*Exercise objective:* Using the data below, print exactly the line with "Gran duelo de", the line with "Регент Венгерского королевства", and every line between them, but none of the pictures.

*Given information:*
+++

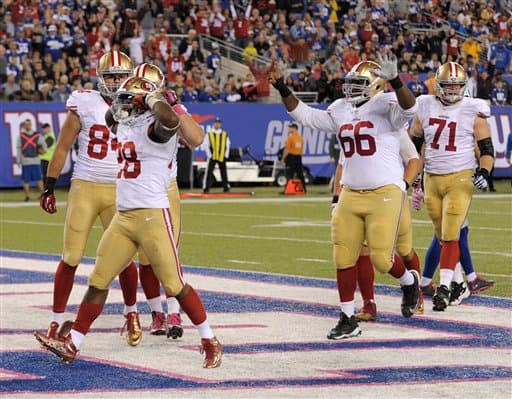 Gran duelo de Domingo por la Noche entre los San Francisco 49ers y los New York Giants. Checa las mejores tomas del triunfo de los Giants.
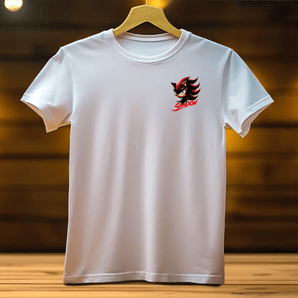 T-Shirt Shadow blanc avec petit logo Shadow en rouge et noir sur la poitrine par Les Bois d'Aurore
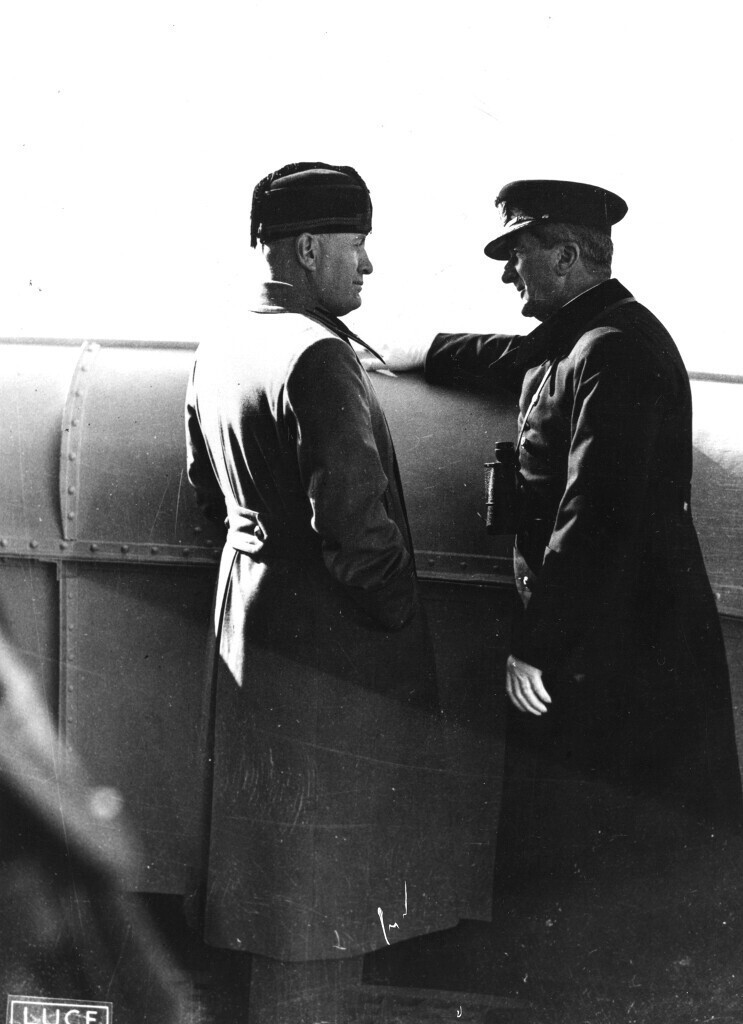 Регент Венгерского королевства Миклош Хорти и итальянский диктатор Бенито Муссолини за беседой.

+++

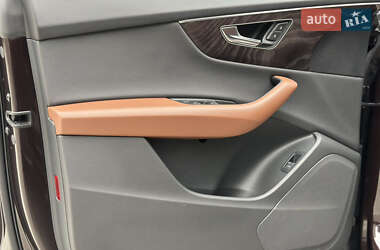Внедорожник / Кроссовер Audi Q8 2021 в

+++

*Task result:*
 Gran duelo de Domingo por la Noche entre los San Francisco 49ers y los New York Giants. Checa las mejores tomas del triunfo de los Giants.
 T-Shirt Shadow blanc avec petit logo Shadow en rouge et noir sur la poitrine par Les Bois d'Aurore
 Регент Венгерского королевства Миклош Хорти и итальянский диктатор Бенито Муссолини за беседой.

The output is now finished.